══ Input material ══
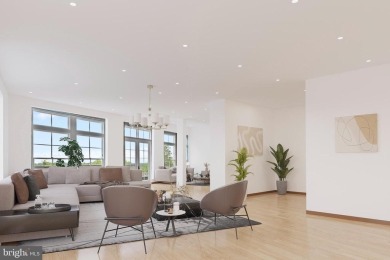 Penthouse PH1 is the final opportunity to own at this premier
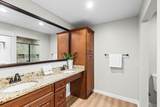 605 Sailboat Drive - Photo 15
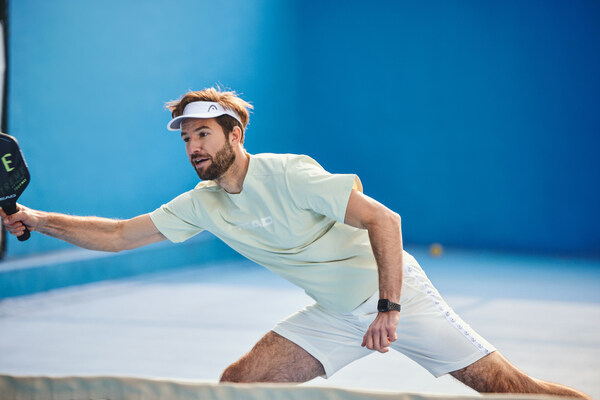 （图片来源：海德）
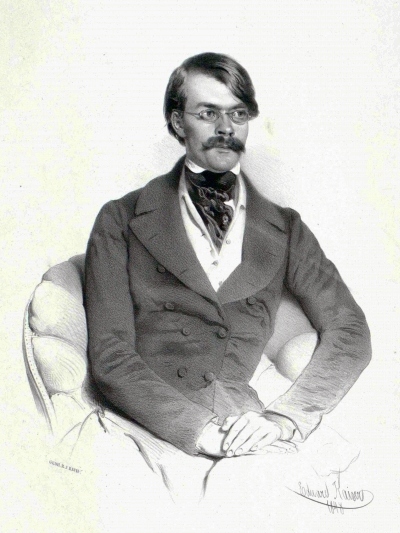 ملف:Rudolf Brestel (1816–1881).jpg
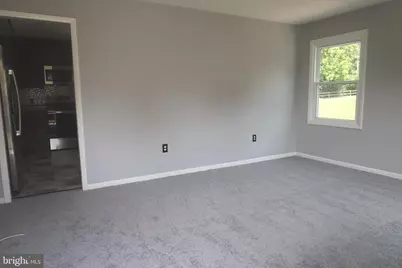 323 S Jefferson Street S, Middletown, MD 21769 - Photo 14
═══
§ **Task details**:
Leave out every picture, and write out exactly the lines from the one with "605 Sailboat Drive - Photo 15" through the end of the records above, both ends included.

§ **Solution**:
 605 Sailboat Drive - Photo 15
 （图片来源：海德）
 ملف:Rudolf Brestel (1816–1881).jpg
 323 S Jefferson Street S, Middletown, MD 21769 - Photo 14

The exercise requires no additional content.